Which lines below fall between the one containing "Prada Black Pr" and the one containing "Outdoor Rocking Loveseat"? Repeat them exactly, counting both of those lines, and add nothing else.

• **Given entries**

++++++++

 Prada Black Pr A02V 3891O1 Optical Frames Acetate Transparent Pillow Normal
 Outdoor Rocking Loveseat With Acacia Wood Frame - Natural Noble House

++++++++

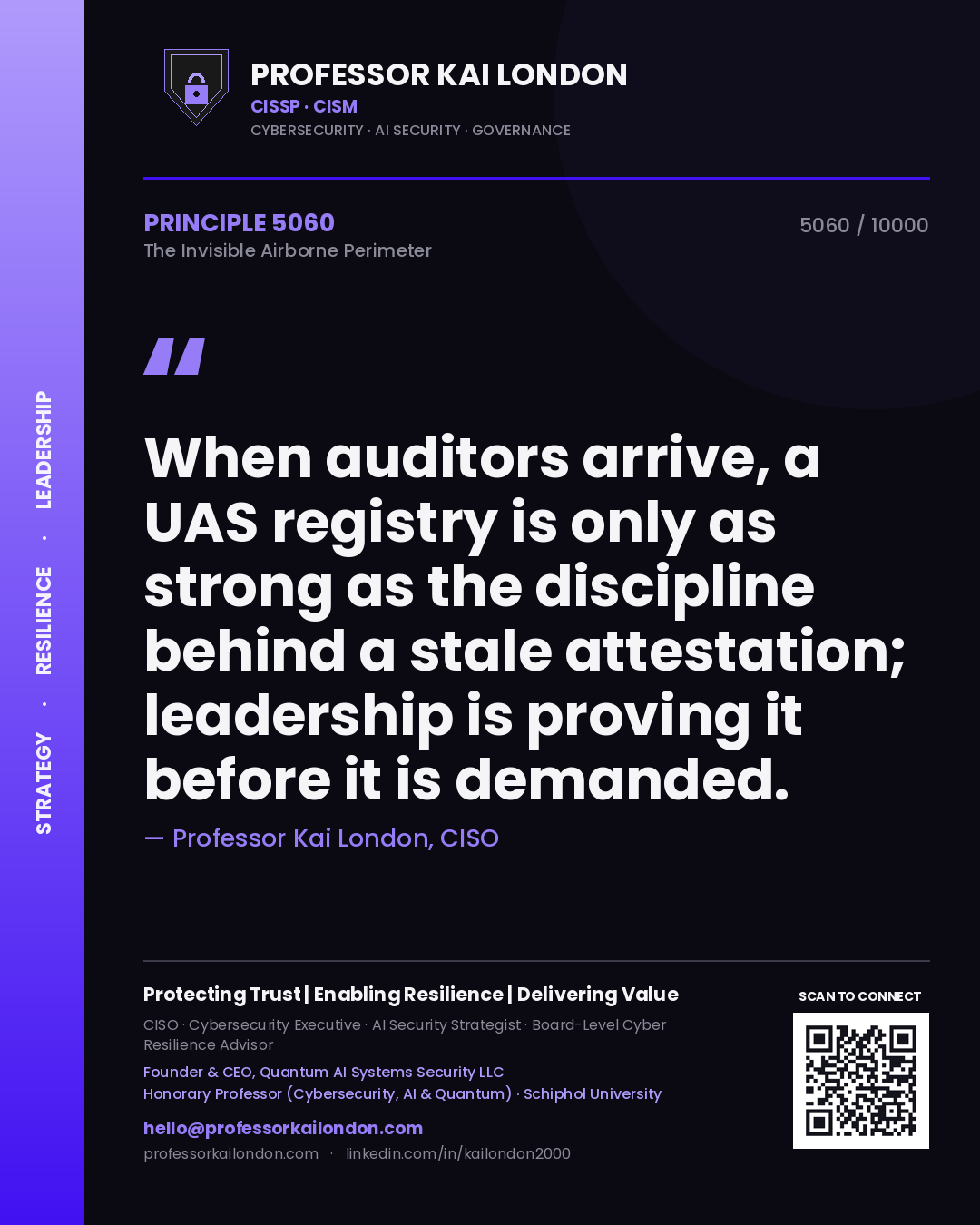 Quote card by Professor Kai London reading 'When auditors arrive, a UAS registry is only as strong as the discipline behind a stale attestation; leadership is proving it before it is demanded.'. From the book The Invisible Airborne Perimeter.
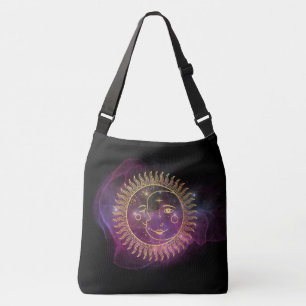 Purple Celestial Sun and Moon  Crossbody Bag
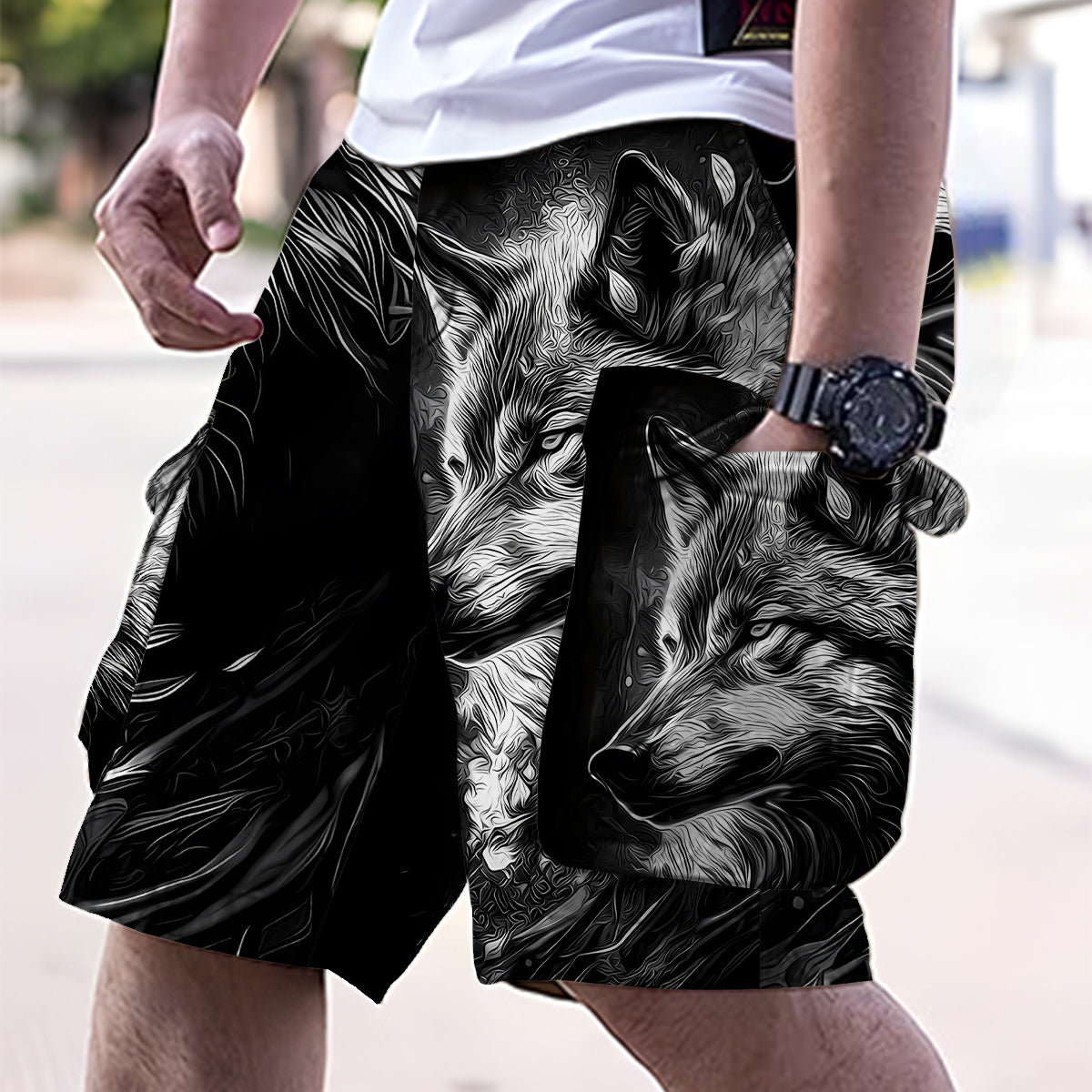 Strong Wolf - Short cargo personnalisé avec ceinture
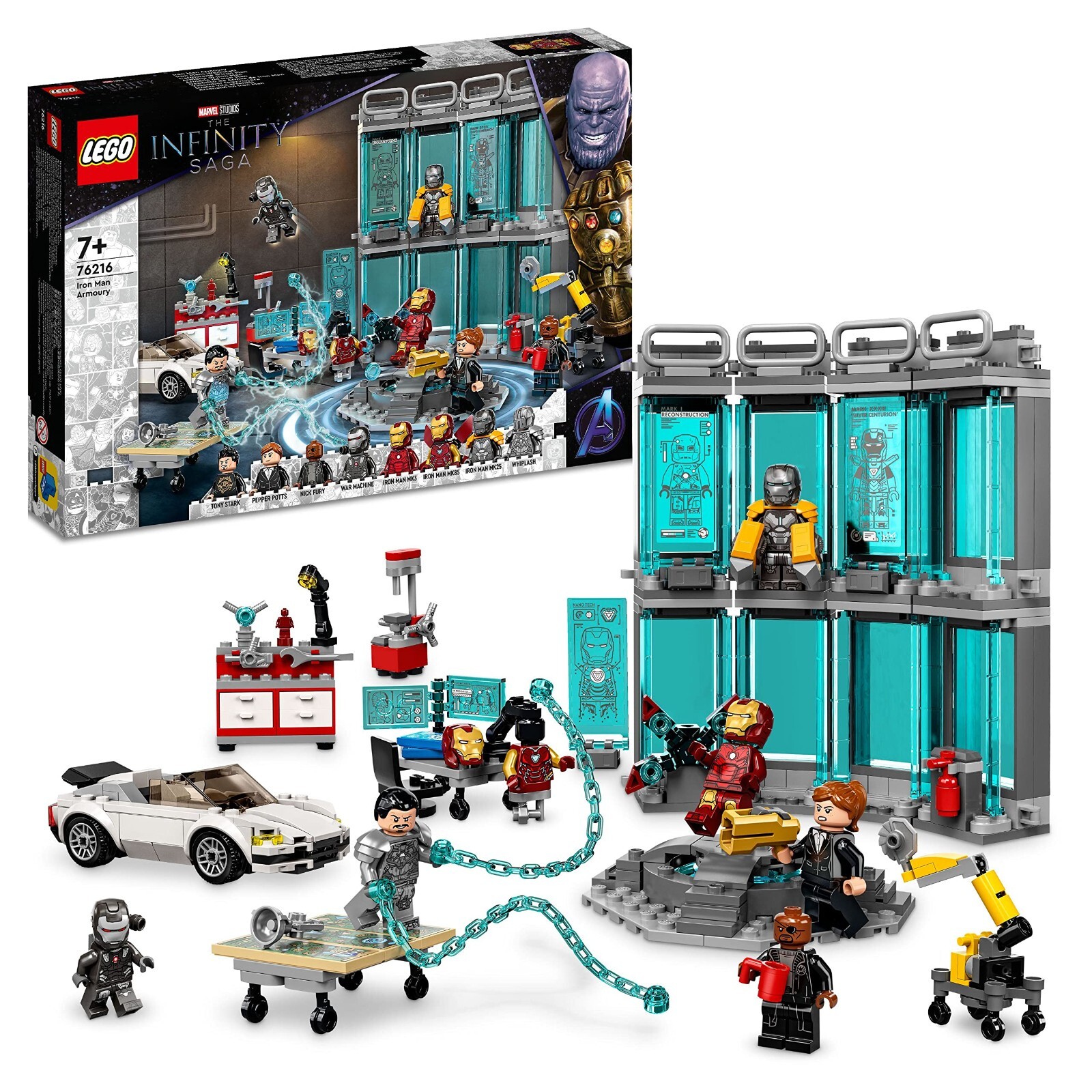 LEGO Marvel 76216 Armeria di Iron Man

++++++++

• **Solution for this problem**
 Prada Black Pr A02V 3891O1 Optical Frames Acetate Transparent Pillow Normal
 Outdoor Rocking Loveseat With Acacia Wood Frame - Natural Noble House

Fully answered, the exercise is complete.